One of Ford's remarkable abilities as a writer is evident in his characters' many contradictions. Part of Sylvia’s appeal may be understood through the fact that none of his characters seem to be entirely admirable, or even likable. While it has been argued that Christopher Tietjen's represents Ford's 'proper' man, extremely intelligent and unshakably honorable, he is also at times irritatingly rigid, pompous and sexist. He makes such statements as:
"I stand for monogamy and chastity. And for no talking about it. Of course if a man who is a man wants to have a woman he has her." (SDN, 18)
And:
“I don’t read novels,” Tietjens answered. “I know what’s in ‘em.”

It is these and other comments that can lead the reader to sympathize with Sylvia; while her actions are often cruel and immoral, the reader can at least identify with her frustrations.

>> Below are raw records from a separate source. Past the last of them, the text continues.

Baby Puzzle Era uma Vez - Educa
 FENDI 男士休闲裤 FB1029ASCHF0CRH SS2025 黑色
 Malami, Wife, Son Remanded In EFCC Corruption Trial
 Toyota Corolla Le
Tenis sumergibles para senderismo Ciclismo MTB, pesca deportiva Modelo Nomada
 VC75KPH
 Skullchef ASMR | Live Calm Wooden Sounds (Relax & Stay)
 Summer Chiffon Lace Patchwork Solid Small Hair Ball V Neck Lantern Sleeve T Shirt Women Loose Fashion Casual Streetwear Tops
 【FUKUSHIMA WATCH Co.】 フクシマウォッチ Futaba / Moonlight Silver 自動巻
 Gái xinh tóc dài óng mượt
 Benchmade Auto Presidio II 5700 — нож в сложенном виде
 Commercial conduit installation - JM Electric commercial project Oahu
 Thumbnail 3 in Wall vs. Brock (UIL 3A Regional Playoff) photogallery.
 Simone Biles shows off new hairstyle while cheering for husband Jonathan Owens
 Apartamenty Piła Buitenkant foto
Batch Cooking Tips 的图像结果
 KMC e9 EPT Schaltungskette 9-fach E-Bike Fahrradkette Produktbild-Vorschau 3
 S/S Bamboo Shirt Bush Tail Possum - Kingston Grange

Overall, there are aspects of Sylvia’s character that may be admired. She represents the modern women, independent and fearless; a woman who is in control of her own destiny and unaffected by social criticism. She is also mysterious, alluring and stunningly beautiful. Unlike many of her sex at the turn of the century, Sylvia is not controlled by the men in her life but rather the opposite: she comes and goes according to her own fancy and is proud of her ability to do as she pleases.

However, on the other hand, Sylvia is also cruel, spoiled, self-centered apathetic, aggressive and sadistic. This is never clearer than when she sees her husband weary from war and likens him to a whipped dog:

"His face was intolerable. Heavy; fixed. Not insolent, but simply gazing over the heads of all things and created beings, into a world too distant for them to enter. And yet it seemed to her, since he was so clumsy and worn out, almost not sporting to persecute him. It was like whipping a dying bulldog..." (381)

While Sylvia’s voice seems almost sympathetic, we soon realize that she is heartless and without mercy:

“…I remembered the white bulldog I thrashed on the night before it died…A tired, silent beast…With a fat white behind…Tired out…You couldn’t see its tail because it was turned down, the stump…A great, silent beast…
…And I found it at the door when I came in from a dance without Christopher…And got the rhinoceros whip and lashed into it. There’s a pleasure in lashing into a naked white beast…Obese and silent, like Christopher…I thought Christopher might…that night…It went through my head…It hung down its head…A great head, room for a whole British encyclopedia of misinformation, as Christopher used to put it. It said: “What a hope!’…As I hope to be saved, though I never shall be, the dog said: “What a hope!’…Snow-white in quite black bushes…And it went under a bush. They found it dead there in the morning.”
“…It’s the seventh circle of hell, isn’t it? The frozen one…The last stud-white bulldog of that breed…As Christopher is the last stud-white hope of the Groby Tory breed…” (416-7)

If Christopher Tietjens is meant to represent the last of the English Tory breed, an obvious question that follows is what does Sylvia symbolize? Perhaps, in a way she represents Britain itself, a country which mercilessly exploited and destroyed almost the entire upper class with the First World War. As Ford so clearly states over and over throughout the book "There will be no more parades": things will be changed by the war; pomp and circumstance (like the band playing Land of Hope and Glory) will no longer be important as the old order is overthrown. After a disaster of such epic proportions, what can be left of the honor of war?